On December 21, an online lending fintech agreed to a stipulated final judgment with the CFPB to resolve a September 2021 complaint alleging that the company deceived consumers and violated the Equal Credit Opportunity Act (“ECOA”) (we discussed this complaint in an earlier Consumer Finance & FinTech Blog post here). The stipulated final judgment prohibits the company from making new loans, collecting on outstanding loans to harmed consumers, selling consumer information, and making misrepresentations when providing loans or collecting debt or helping others that do so. The company also agreed to a $40,500,000 suspended monetary judgment, and a $100,000 civil penalty based on its limited ability to pay.

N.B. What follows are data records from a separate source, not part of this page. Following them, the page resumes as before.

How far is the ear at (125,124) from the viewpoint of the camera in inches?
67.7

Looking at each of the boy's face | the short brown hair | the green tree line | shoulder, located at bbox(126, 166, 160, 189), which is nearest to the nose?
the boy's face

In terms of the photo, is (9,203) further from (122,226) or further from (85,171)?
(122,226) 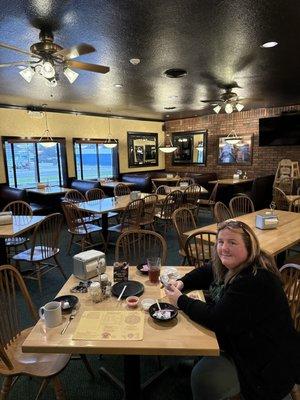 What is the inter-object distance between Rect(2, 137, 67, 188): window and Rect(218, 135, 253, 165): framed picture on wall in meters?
4.53

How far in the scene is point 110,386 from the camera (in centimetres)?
190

The September 2021 complaint alleged that the company had made misrepresentations to consumers by advertising that borrowers who repaid loans on time and took free online courses would receive lower interest rates on future loans and access to larger loan amounts. This turned out to be untrue for tens of thousands of borrowers who failed to qualify for larger loan amounts and continued to be offered similar or higher interest rates compared to previous loans.

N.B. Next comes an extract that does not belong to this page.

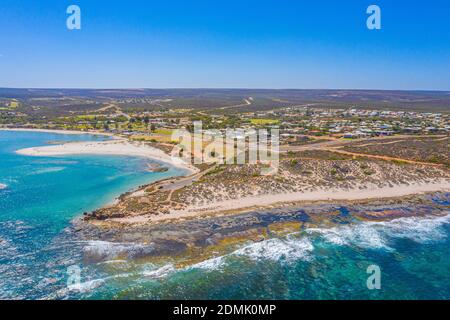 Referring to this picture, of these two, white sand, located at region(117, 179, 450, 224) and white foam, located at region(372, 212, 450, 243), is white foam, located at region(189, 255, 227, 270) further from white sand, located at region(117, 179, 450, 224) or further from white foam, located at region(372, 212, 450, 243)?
white foam, located at region(372, 212, 450, 243)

Based on these allegations, the CFPB alleged that the company deceived consumers about the benefits of repeat borrowing and violated a 2016 CFPB order that prohibited the company from mispresenting the benefits of borrowing from the company. The CFPB also alleged that the company violated the ECOA and Regulation B by failing to provide timely adverse-action notices within 30 days for over 7,400 loan applicants and issuing over 71,800 adverse-action notices that failed to accurately describe the main reason for the company denial of loan applications.
Putting in Into Practice: This one-sided resolution shows the significant risks for FinTech companies that do not comply with consumer lending laws like the ECOA. FinTech companies, especially newer lending companies, should take care to maintain compliance with relevant laws, especially if they have been subject to enforcement actions in the past.